### ASSIGNED TASK:
The result should be an exact copy of only the lines from the one holding "Sterling Silver Sea and Sky Pendant" through the last line of the data below, please, without pictures.

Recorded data
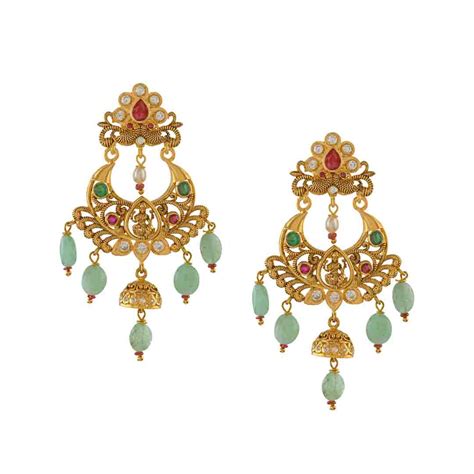 Buy 22K Gold Chandbali Earrings in Emerald Beads Online – Krishna ...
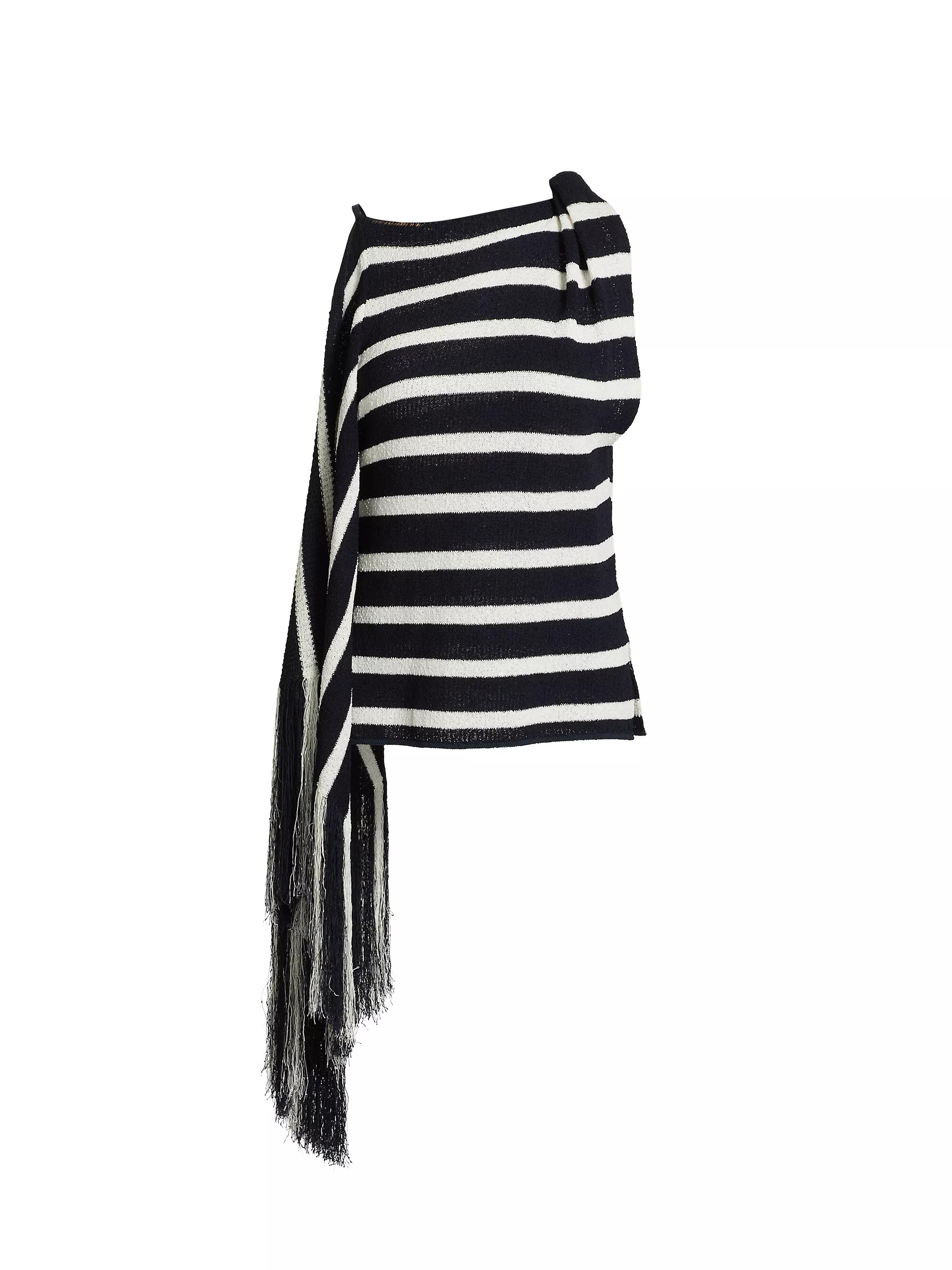 Yves Striped Cotton-Blend Fringe Asymmetric Top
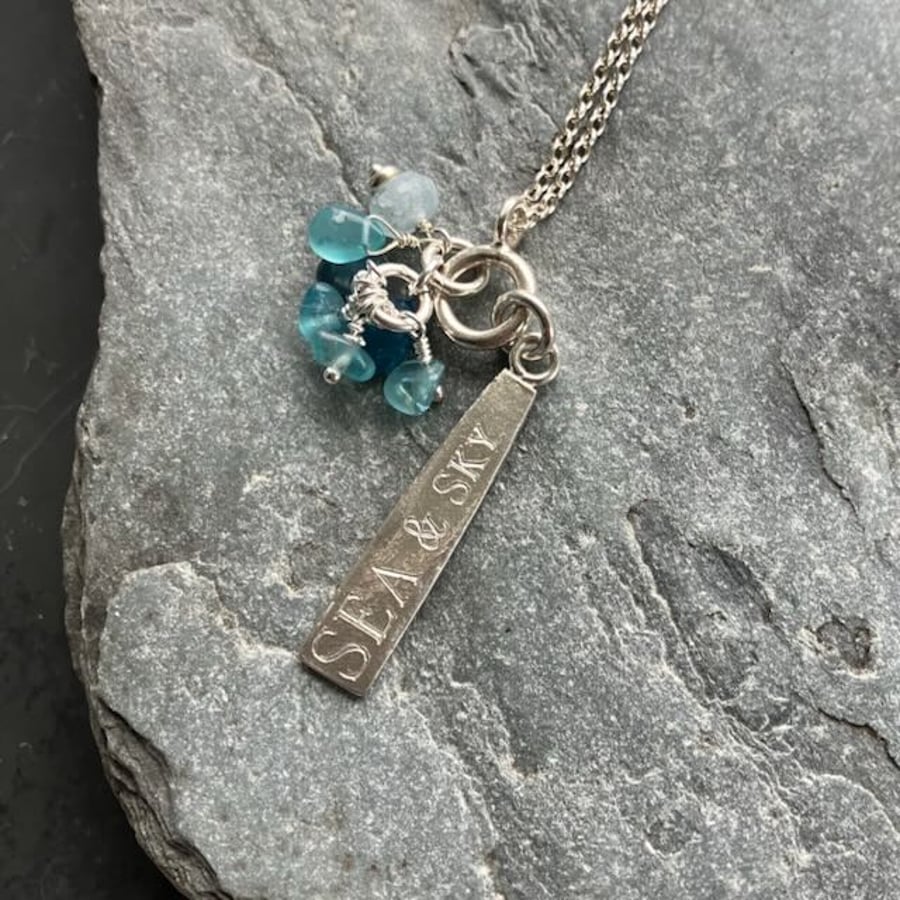 Sterling Silver Sea and Sky Pendant
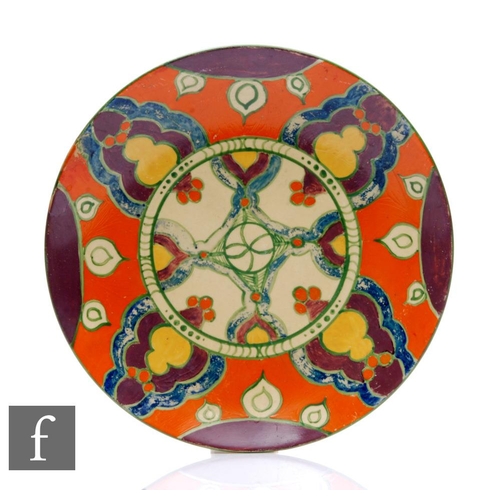 361 - Clarice Cliff - Persian - A shallow circular dish form plate circa 1928, hand painted in an abstract... 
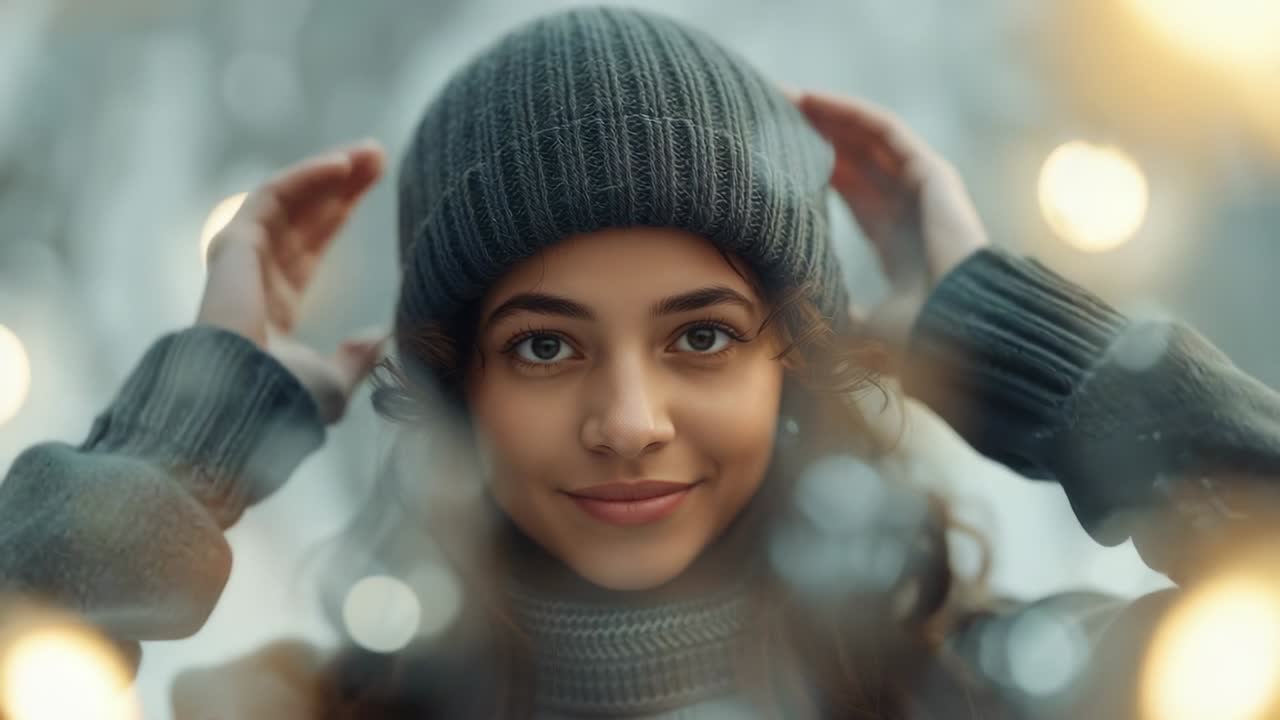 Feeling knit beanie slipping, woman adjusting hat, smoothing curls and smiling outside with lights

### EXERCISE OUTPUT:
 Sterling Silver Sea and Sky Pendant
 361 - Clarice Cliff - Persian - A shallow circular dish form plate circa 1928, hand painted in an abstract... 
 Feeling knit beanie slipping, woman adjusting hat, smoothing curls and smiling outside with lights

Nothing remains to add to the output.